“Le buchette del vino in mostra” è l’evento con ingresso gratuito organizzato a Firenze dal 2 al 16 settembre nella Sala Brunelleschi del Palagio di Parte Guelfa. Ma cosa sono le buchette? A passeggio per la città, capita di vederne alcune inserite nei muri dei palazzi a circa un metro d’altezza: in una cornice in pietra, uno sportellino in legno, questo si apriva, una mano pagava e un’altra porgeva un fiasco di vino. Pratico e svelto. «Ed esentasse – dice Matteo Faglia, presidente Associazione Buchette del Vino, organizzatrice dell’evento -. Un privilegio non da poco per le famiglie nobili nella seconda metà del ‘500 autorizzate a questo tipo di vendita».

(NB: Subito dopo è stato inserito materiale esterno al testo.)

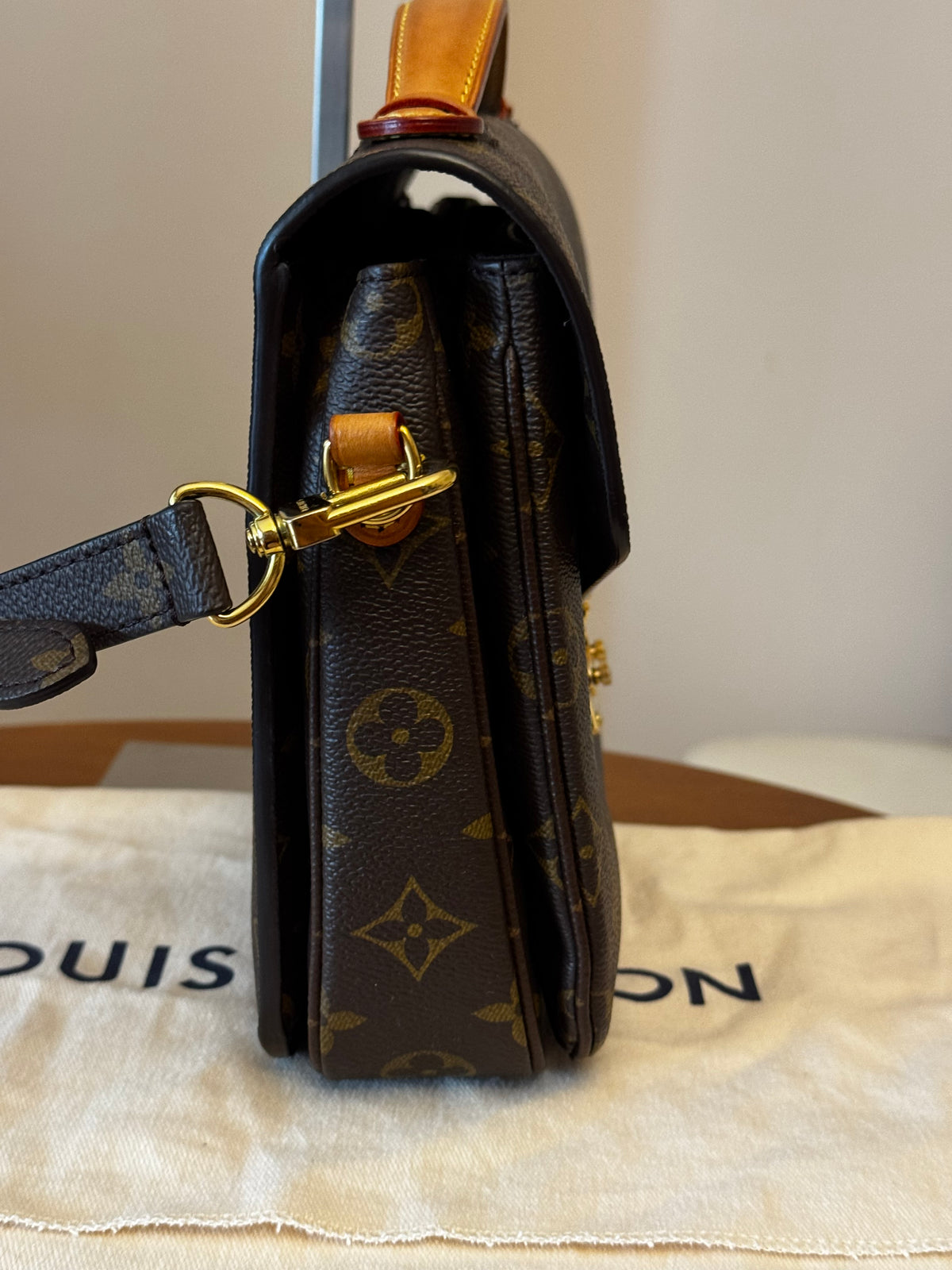Louis Vuitton Metis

La mostra vuol far conoscere la storia delle buchette. Prosegue Faglia: «Saranno in esposizione una di quelle cornici in pietra, rimossa dalla sua collocazione originaria, la ricostruzione a grandezza naturale di una “stanza del vinaio” del ‘600 con i suoi arredi, sagome che riproducono il passaggio del fiasco da una mano all’altra, documenti sulla storia del vino e del fiasco, con esemplari dal ‘500 al ‘900 in prestito dal Museo del Fiasco della Vetreria Etrusca di Montelupo, e “attrazioni” che non si vedono per strada».
Dalla peste al Covid
Come scrive lo storico Francesco Rondinelli nella Relazione del contagio stato in Firenze l’anno 1630, di cui la mostra espone una copia originale, le buchette erano funzionali durante le epidemie. Come avvenisse lo riassume Faglia: «Dall’esterno della buchetta il cliente bussava, gli veniva allungato un tubicino di rame per travasare il vino direttamente nel fiasco; il pagamento avveniva ponendo le monete in un recipiente di rame colmo d’aceto con funzione disinfettante. Così non c’era contatto fra cliente e vinaio».
Guarda caso, l’antico modo di vendita è tornato in auge durante il Covid, quando, prosegue Faglia, «a Firenze hanno riaperto quattro buchette: al posto dell’aceto c’era l’Amuchina e sul viso di tutti la mascherina». Ma, a pandemia finita, «sono nove i locali che continuano a servire calici di vino, aperitivi o gelati con l’antica modalità, non più misura anticontagio, ma richiamo turistico ed esperienza culturale».
Fiasco vs bordolese
Lo storico e georgofilo Zeffiro Ciuffoletti si sofferma sul servizio solidale svolto dalle buchette: non poche volte si dava da bere gratis a chi non poteva permettersi di pagare. «Il vino ha sempre favorito convivialità e socialità – sottolinea -: accanto alle buchette c’era il sedile in pietra dove sedersi, bere, mangiare e chiacchierare». Come oggi dal vinaio.
Con il professore il discorso si allarga al vino (come «civiltà da secoli in divenire, cui dedicarsi con passione, competenze e investimenti») e al suo commercio, anche all’estero. Ma per esportare il vino, il nostro bel fiasco non era adatto, perché di vetro fragile. Ci voleva la bordolese che, spiega Ciuffoletti, «prodotta con carbone di qualità, ha un vetro resistente e scuro, ideale per infilarci un tappo a pressione e conservare il vino, attaccarci un’etichetta e poterla commerciare». In Toscana, il primo a sostituire il fiasco con la bordolese fu il Barone di ferro, Bettino Ricasoli, che inaugurò a metà Ottocento la carriera internazionale del Chianti.
Buche e finestre
Per evitare che i bambini curiosi si facessero male sporgendosi troppo dalle finestre dei “grandi”, ma anche per non disturbare i genitori, a loro volta curiosi, e pettegoli, di quel che avveniva là fuori, si aprirono delle finestrelle, con inferriate, adatte all’altezza dei piccoli e per questo dette “dei bambini”. A Firenze ne rimangono pochissime: per esempio, in via del Corno 1r e in borgo Santa Croce 8.